The Meltdown and Spectre vulnerabilities, first documented in January, seemed like a nightmare for virtualized systems, but that is overblown. There are a lot of qualifiers, starting with what you are doing and what generation processor you are using.
The tests were done on servers running Xeons of the Haswell-EP (released in 2014), Broadwell-EP (released in 2016), and Skylake-EP (released in 2017). Haswell and Broadwell were the same microarchitecture, with minor tweaks. The big change there was Broadwell was a die shrink. Skylake, though, was a whole new architecture, and as it turns out, that made the difference.
Meltdown and Spectre most negatively impact virtual environments with lots of transitions, apps spending a lot of time in privilege mode, apps with a high number of system calls and interrupts, or a larger number of user/kernel privilege changes.
And as it turns out, benchmarks show that with the patches applied to mitigate all of the vulnerabilities, general compute, integer, floating point, Linpack, streaming, server side apps, and energy efficiency suffer negligible to no impact. That’s because they are not making a lot of kernel calls and run in the user space for the majority of the time.
Also, apps that use DPDK, a network packet optimizer, saw no impact. So while DPDK is a high I/O library, it’s moving packets that bypass the kernel because they go through the network card, not the CPU. The patches had no impact.
“The perception was anything with a lot of I/O activity would get impacted real bad,” said a source who asked to not be identified. “But not really. DPDK is a very I/O-intensive workload moving packets, but you bypass the kernel. The whole reason DPDK has high performance is it minimizes time spent in the kernel.”
In web serving runtimes, there was about a 10 percent impact. That’s because requests for a web page go to the kernel and that kernel transition is adding overhead.
Where the patches do affect performance
It’s storage-related activity where performance gets creamed, but only partially and only in certain circumstances. First, Skylake is unaffected thanks to how the microarchitecture was rearchitected.

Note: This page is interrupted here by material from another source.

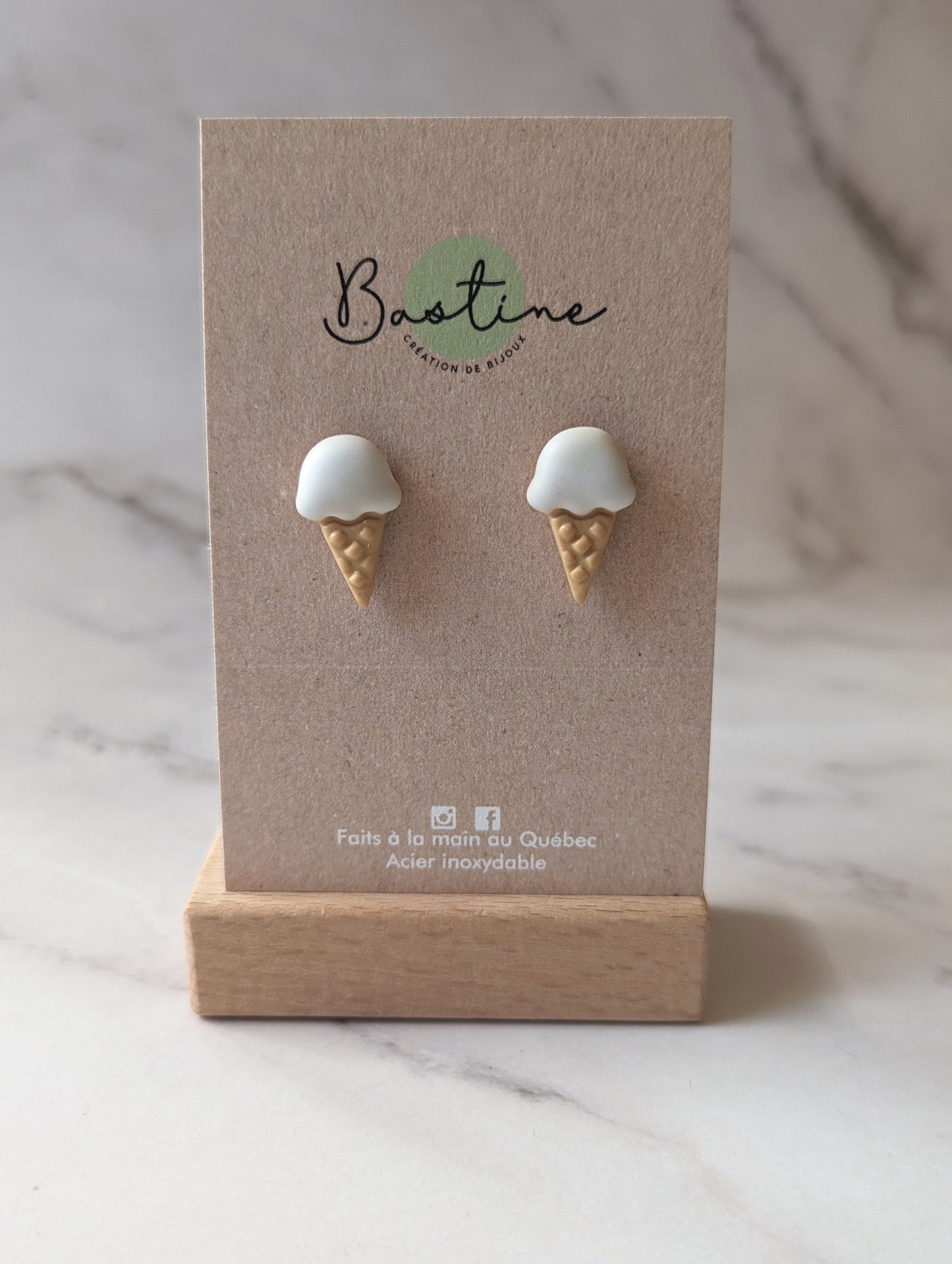 Cornets - Polymer clay and hypoallergenic stainless steel stud earrings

The Haswell and Broadwell servers, though, took a 30 percent performance hit, and that was only if they used a patch called IBRS, a patch provided by Intel that provoked Linux major domo Linus Torvalds to go on one of his legendary blue streaks. If they used Retopoline, developed by Google, the performance impact was 1 to 2 percent.
Google is the firm that found Meltdown and Spectre and had several months to work on its patches, as opposed to the rushed IBRS. Much of the Linux world has rallied behind Retpoline, even though that means needing a new kernel and perhaps having to recompile apps.

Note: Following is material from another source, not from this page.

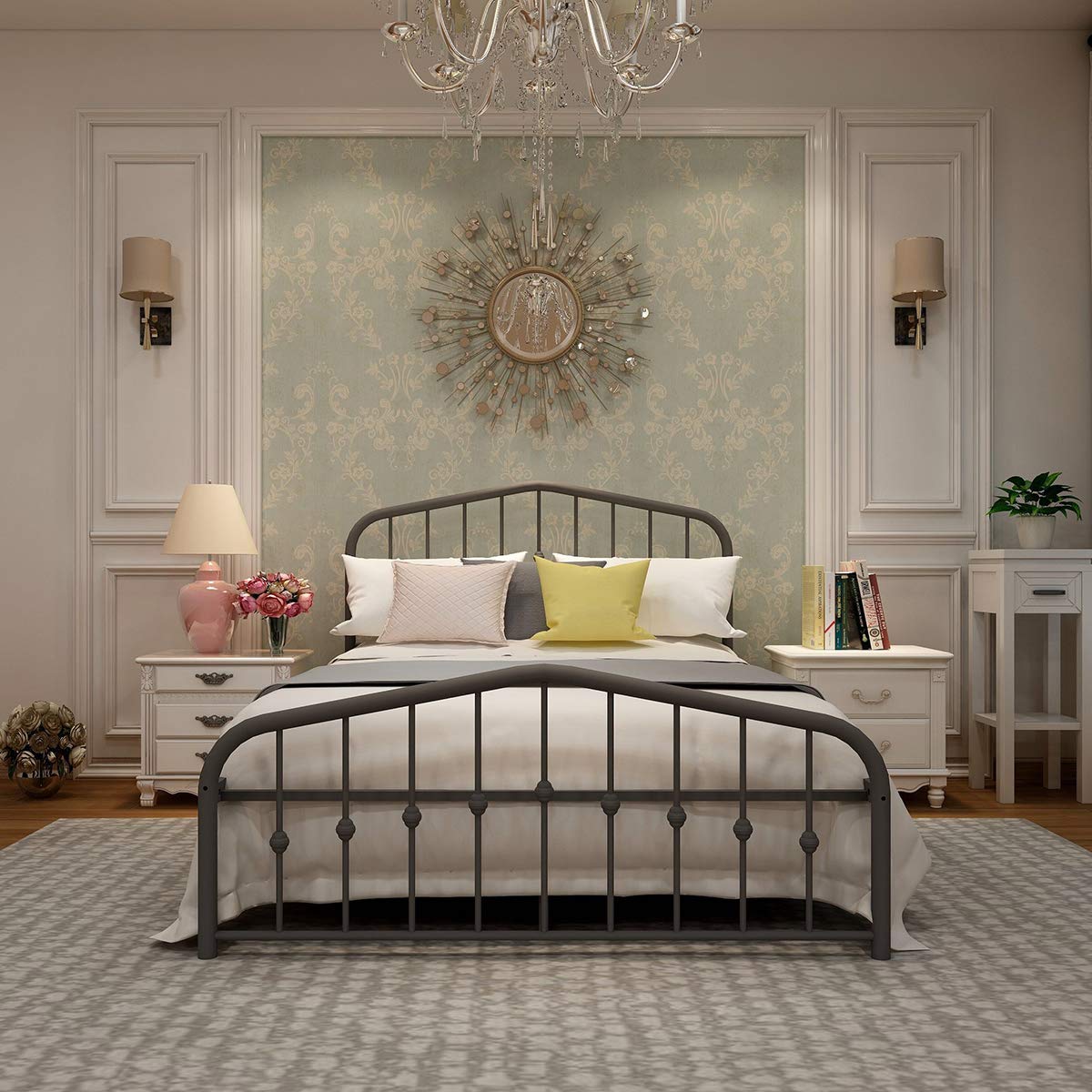 Full Size Metal Bed Frame with Vintage Headboard & Footboard - No Box Spring Needed, Sturdy Steel Slat Support Mattress Foundation in Black | Perfect for Guest Rooms, Dorms & Vintage Home Decor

There was another mitigating factor. Skylake saw a 10 percent drop in performance on FIO storage benchmarks when using 64kb blocks, while Broadwell and Haswell fell 20 percent — but everyone took it on the chin badly when using 4kb blocks. Skylake took a 32 percent performance hit, while Broadwell and Haswell plunged 60 percent.

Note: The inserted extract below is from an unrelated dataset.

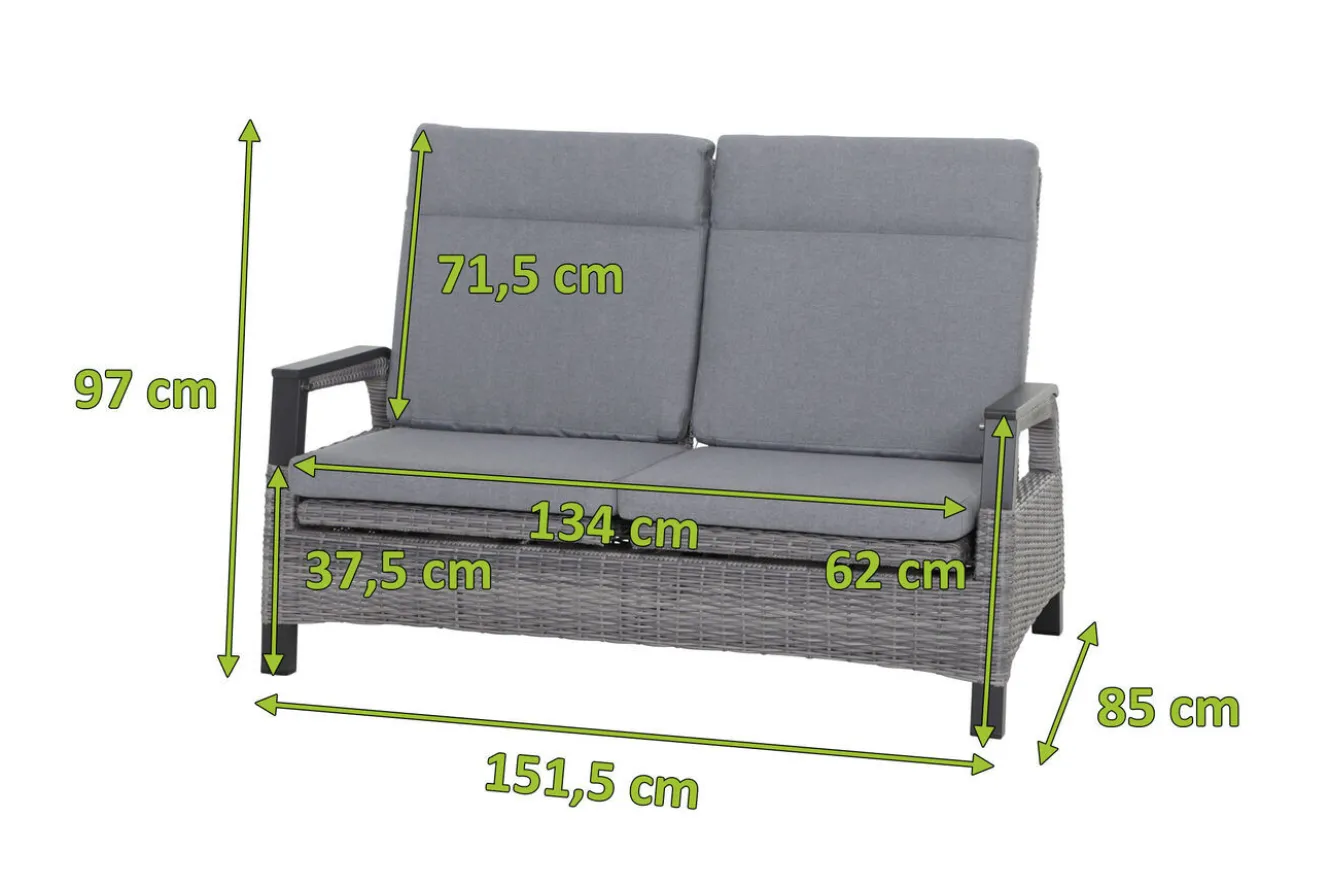 SIENA GARDEN Solea Sofa, anthrazit/blau, Aluminium, 151,5x85x97 cm, stufenlos verstellbar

The reason is pretty clear. Reading in a 1GB file in 4kb blocks means many more blocks to be read and moved about than 64kb blocks. Each block means an interrupt to protect the system, thus slowing things down.
Of course, not every bit of data can be read in 64kb or larger blocks. Database transactions might require smaller blocks, which will impact performance.
Also, it should be noted that this benchmark was conducted in an artificial scenario not very likely in a production scenario. The vendor ran the CPU at 100 percent utilization for the entire test, not something that will happen in the real world very often.
Another revelation that’s just downright funny is that reading data from traditional spinning hard drives has far less impact than a SATA SSD, and SATA in turn has less impact than a NVMe drive. The reason is that spinning drives are slower, so there is just less data passing through the CPU than on a SSD, and NVMe is designed to be much more parallel in data transfer than SATA. So, a faster SSD suffers more. But that is more than offset by the fact that NVMe drives are ridiculously fast, much faster than SATA SSDs.
What Linux and Microsoft users are doing
At this point, the Linux industry seems to have settled on Retpoline, and all of the major Linux distributions have updated to support it. Microsoft hasn’t indicated support one way or another. Given it comes from arch-nemesis Google, it would kill Microsoft to have to support it, but stranger things have happened.
The industry vendor said patches at this point are solid and there is not likely to be any major new optimizations. Intel plans to release new products this year that will address Meltdown and Spectre in silicon, but it has not provided any further details than that.